■ Directions for this task
Write out every entry exactly as it appears, omitting the pictures.

■ Entries shown
☆ ☆ ☆

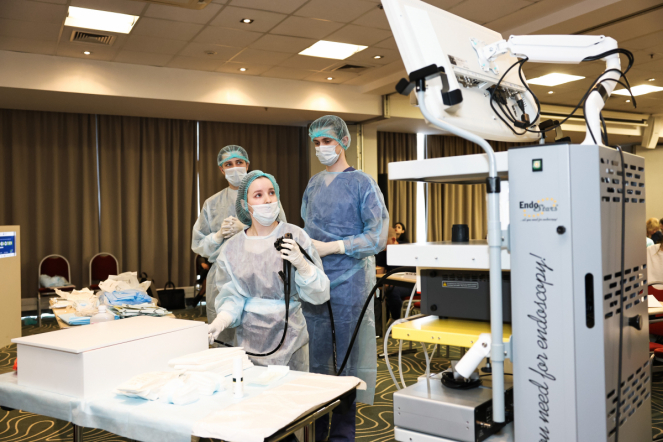 Студенты Педиатрического университета - призёры Первой Всероссийской олимпиады по эндоскопии 22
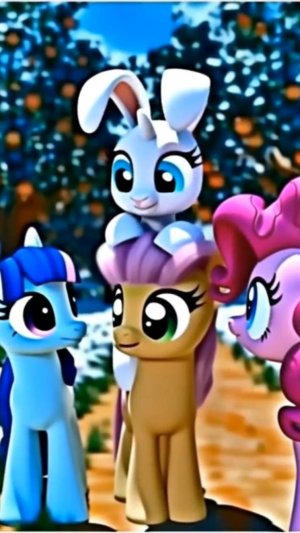 Часть II,  Мир Пони *) Дружба, питомцы под музыку)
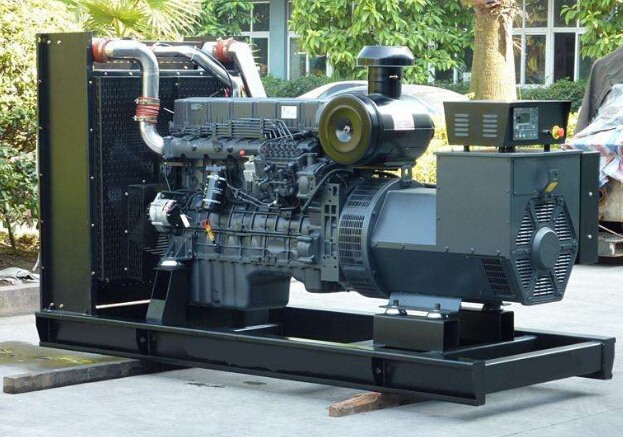 荔城全新本田150kw大型柴油发电机组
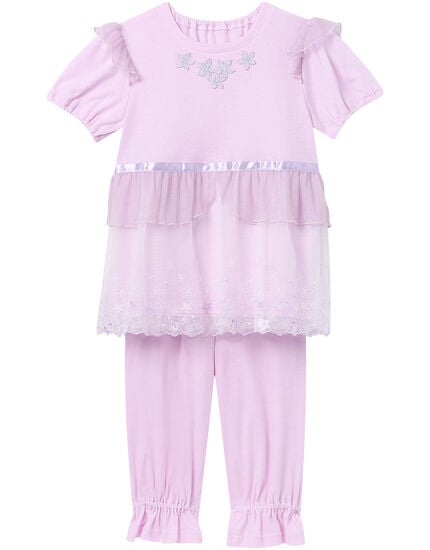 キッズ女児パジャマ　上下セット, , main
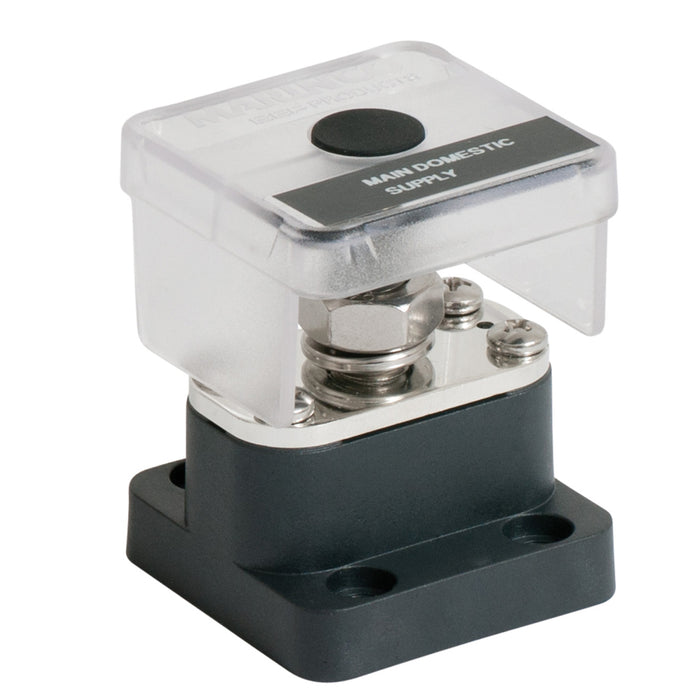 Instalador profesional BEP de perno aislado simple con placa de toma de corriente - 10 mm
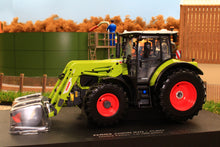 Load image into Gallery viewer, UH6646 Universal Hobbies Claas Arion 510 4WD Tractor with FL120 Front Loader Ltd Edition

☆ ☆ ☆

■ Final answer
 Студенты Педиатрического университета - призёры Первой Всероссийской олимпиады по эндоскопии 22
 Часть II,  Мир Пони *) Дружба, питомцы под музыку)
 荔城全新本田150kw大型柴油发电机组
 キッズ女児パジャマ　上下セット, , main
 Instalador profesional BEP de perno aislado simple con placa de toma de corriente - 10 mm
 Load image into Gallery viewer, UH6646 Universal Hobbies Claas Arion 510 4WD Tractor with FL120 Front Loader Ltd Edition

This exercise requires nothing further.